Try/catch for modules?

Fri Oct 18 18:28:48 EDT 2019

On Fri, Oct 18, 2019 at 07:09:54PM -0300, Martin Galvan wrote:
> Hi Valdis, thanks for the thorough response.
> 
> El vie., 18 oct. 2019 a las 18:53, Valdis Klētnieks
> (<valdis.kletnieks at vt.edu>) escribió:
> > Well..here's the thing.  Unless you have "panic_on_oops" set, hitting a null
> > pointer will usually *NOT* panic the whole system. In fact, that #0000 in the
> > panic message is a counter of how many times the kernel has OOPs'ed already.
> > Way back in the dark mists of time, I had a system that managed to get it up to
> > #1500 or so overnight.
> 
> Yes, and this is why my horribly hackish way to fix things is to
> manually tamper with panic_on_oops on a die_notifier. I was hoping to
> find a way not to do this.

Yes, please never do that.  Just check for an error code (and there
always will be one, if not, you are doing something wrong), and handle
it properly.

Yes, it's not easy, but this is the kernel, that goes without saying :)
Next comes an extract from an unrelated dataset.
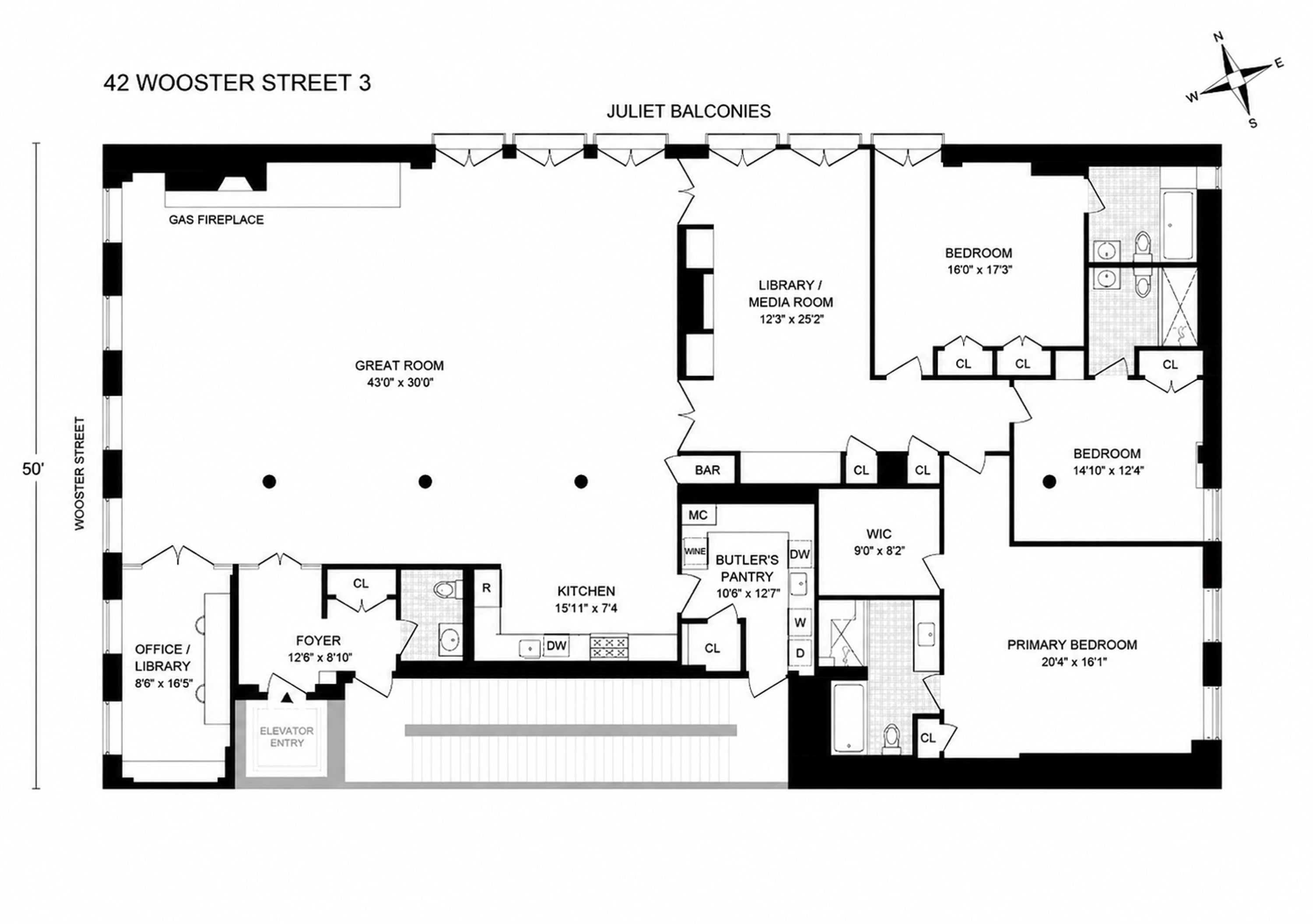 42 Wooster Street 3 Soho New York NY 10013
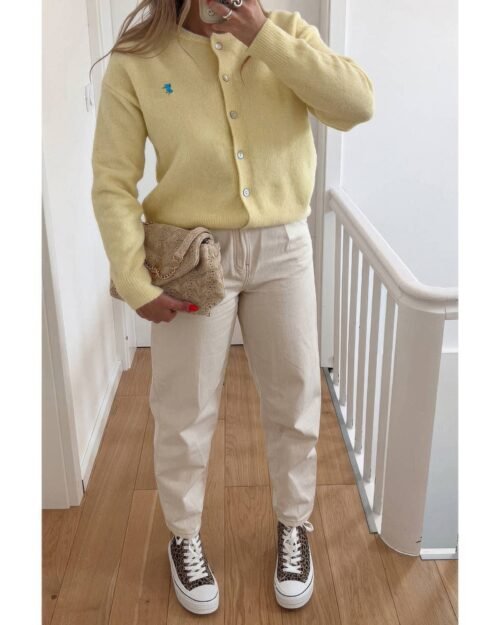 Solid Button Up Knit Long Sleeves Sweater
> I'd rather have the kernel just return control to me, at the beginning
> of the catch block, and give me a chance to fix things (or at least
> log some debugging info). I imagine that's what Windows' __except
> block is for. The kernel may not know which locks are safe to break,
> but I do.

Never break a lock, again, you are doing something wrong if that is
needed.

> > And if you actually *think* about it - a 'try/catch' is semantically *identical* to
> > coding a parameter test before the event or checking a return code after.
> 
> I humbly disagree. Return codes aren't possible in all cases, which is
> why there are things like native_read_msr_safe which implement some
> form of exception handling through _ASM_EXTABLE.

In Linux, where is a return code not possible?

> But then I can choose to let my process die, plus log some useful info
> and maybe even do some minor cleanups, without raising a panic. My
> particular module just reads some hardware registers and returns the
> info to userspace, so it's not something essential for the system. As
> a user, I would hate it if a non-essential module crashes the whole
> system like that. Perhaps the real problem is that panic_on_oops
> affects all of the kernel, rather than a given module.

Modules are not processes, it's not a correct mapping at all.  Modules
are code, that's it.

If all you are doing is reading hardware registers, you shouldn't have
to worry about any of this, that should be a very tiny and simple
module.

Wait, what registers are you reading that we don't already support from
userspace today?

thanks,

greg k-h